Dice atinadamente Chesterton:


“He conocido muchos matrimonios felices, pero ni uno solo compatible”.
Creer que la base del éxito de un matrimonio es la compatibilidad de
caracteres es un gran error. Cada persona es distinta pero el amor y la
convivencia deben atenuar esas diferencias hasta hacerlas complementarias.
Las personas que aman lo hacen a pesar de los defectos y limitaciones
propias y del otro. Las diferencias nos hacen crecer.
Repitamos la idea del amor jubiloso o de “encanto”…
“La terminología con la que la iglesia primitiva se refería a los salmos
reflejaba el efecto que éstos tenían. El término griego de salmos es psalmoi o
canto. En latín también eran comúnmente llamados “cantos” (carmina), “los
cantos de David”. (Ópera Carmina Burana: canto a la fortuna) Pero el
termino canto posee otra connotación adicional: encantamiento o hechizo;
el canto de las sirenas. San Ambrosio combina ambos sentidos cuando hace
referencia al encantamiento del amor: “Es un asombroso encantamiento,
más potente que cualquier otro”. Es un en-cantamiento por el Espíritu -o,
en otras palabras, su forma, armonía, medida, orden y unidad- resuenan
con la del alma.
Es cuando al amor esponsal se ha configurado con el Amor Personal del
Espíritu Santo.
“Entraré en mi habitación y te cantaré canciones de amor, gimiendo con
gemidos inexpresables sobre el sendero de mis pasos, recordando Jerusalén
con mi corazón elevado hacia Ti”. San Agustín. Jerusalén es la Iglesia-Esposa
como figura, cuyo cuidado provoca júbilo al Esposo.

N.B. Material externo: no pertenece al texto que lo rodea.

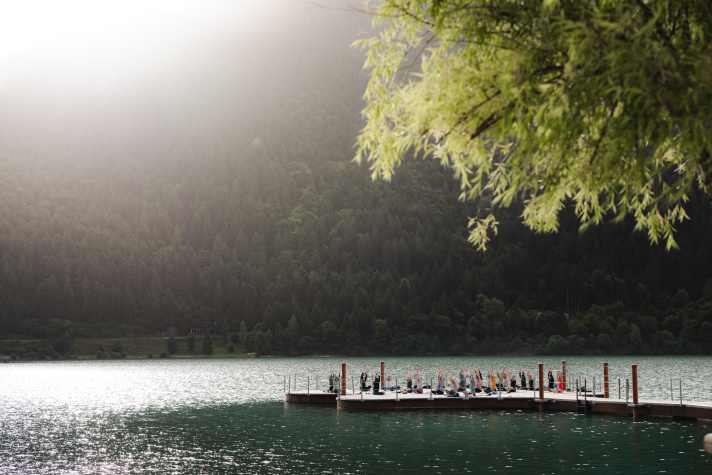 Zum Aufwachen Yoga auf dem Molveno-See, danach gemeinsam die Paganella-Trails rocken: das BIKE Women Camp.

Un enamorado puede ver a su amado en cada detalle del universo… y puede
cantar:
“—Y el arrullo de las tórtolas entonará de nuevo sus cantos; y los zorros
aportarán su agudo contrapunto; gorjearán salmos los ruiseñores y cánticos
de alabanza balarán los corderos; habrá plegaria en el zumbido de cada abeja
y en el mecerse de cada abedul, en el aroma de cada tilo. Volverá a colmarse
de plegaria esta Comarca en el croar de sus ranas, el relinchar de sus
potrancos y el cantar de los gallos. El polen de la divinidad floreciente volverá
a dorar la Comarca y las coyunturas de la Luz destilarán sus hilos de plata
líquida engordando cada gota de rocío. Los grillos volverán a rezar y los
pájaros todos trinarán sus Laudes a las claustras del santuario. No faltará un
solo pez, ni liebre ni búho, ni grillo ni langosta al canto de las Vísperas. Para
que, cuando vuelva mi Hijo, encuentre este yermo ungido de Oración;
encuentre el Monte Alabanza envuelto en su Plegaria, rezumando la alabanza
jamás alcanzable”.
ES ASÍ COMO EL AMOR CONYUYGAL ES ESPEJO DEL AMOR MÁS GRANDE.

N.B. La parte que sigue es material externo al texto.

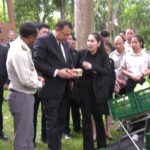 รองนายกฯ​-สุชาติ-ชูโครงการอาหารเพื่อสัตว์ป่า-ระหว่างกรมอุ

En el orden divino, lo grande tiene más que ver con la integridad, la
intensidad y plenitud que Su infinita grandeza puede darse en una semilla de
mostaza o en el vientre virginal de una doncella.

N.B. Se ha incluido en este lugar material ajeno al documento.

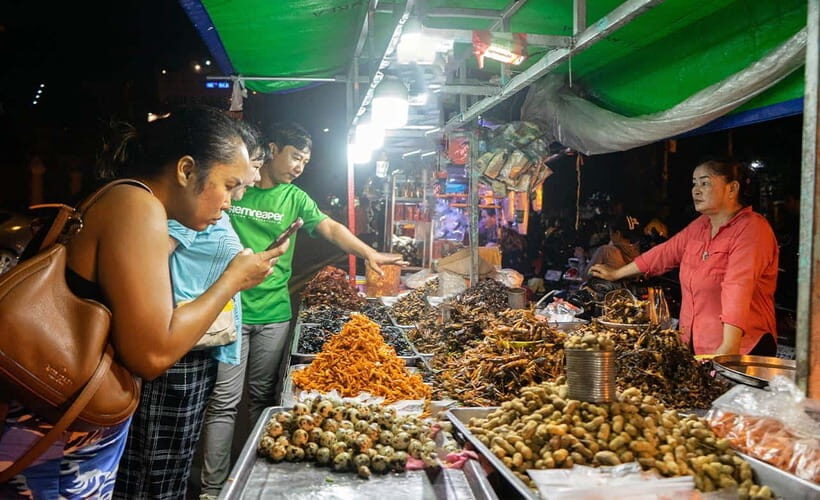 Phnom Penh: Evening Food Tour with Drinks & Tuk Tuk Included - Backstreet Bar and craft beer: the easy landing at the end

El salmista insiste en que “nuestro Dios es Grande”. Y la Escritura
entera refiere a “la grandeza” de sus obras y auxilios, a lo grande de su Amor
y de su Luz. Incluso la Virgen María, al recibir el Anuncio de la mayor proeza
divina, expresó su AMOR MAGNO; se apresuró en cantar justamente esta
nota crucial: la grandeza del Señor, el Magnificat.
Tiene como punto de partida ese profundo y elocuente escrito de San
Pablo, comúnmente llamado el “Himno de la Caridad ….Amoris laetitia n°
90. En el así llamado himno de la caridad escrito por san Pablo, vemos
algunas características del amor verdadero:
«El amor es paciente, es servicial;
el amor no tiene envidia,
no hace alarde, no es arrogante,
no obra con dureza, no busca su propio interés,
no se irrita, no lleva cuentas del mal,
no se alegra de la injusticia, sino que goza con la verdad.
Todo lo disculpa, todo lo cree,
todo lo espera, todo lo soporta» (1 Co 13,4-7).
Esto se vive y se cultiva en medio de la vida que comparten todos los días los
esposos, entre sí y con sus hijos.
En el Evangelio del amor más grande vuelve al ruedo el asunto de lo
magno, de lo grande. Lo hace recordando la indisolubilidad nupcial de ambos
amores; la fidelidad de uno está garantizado por la práctica del otro, de
modo que “nadie separe lo que Dios ha unido”.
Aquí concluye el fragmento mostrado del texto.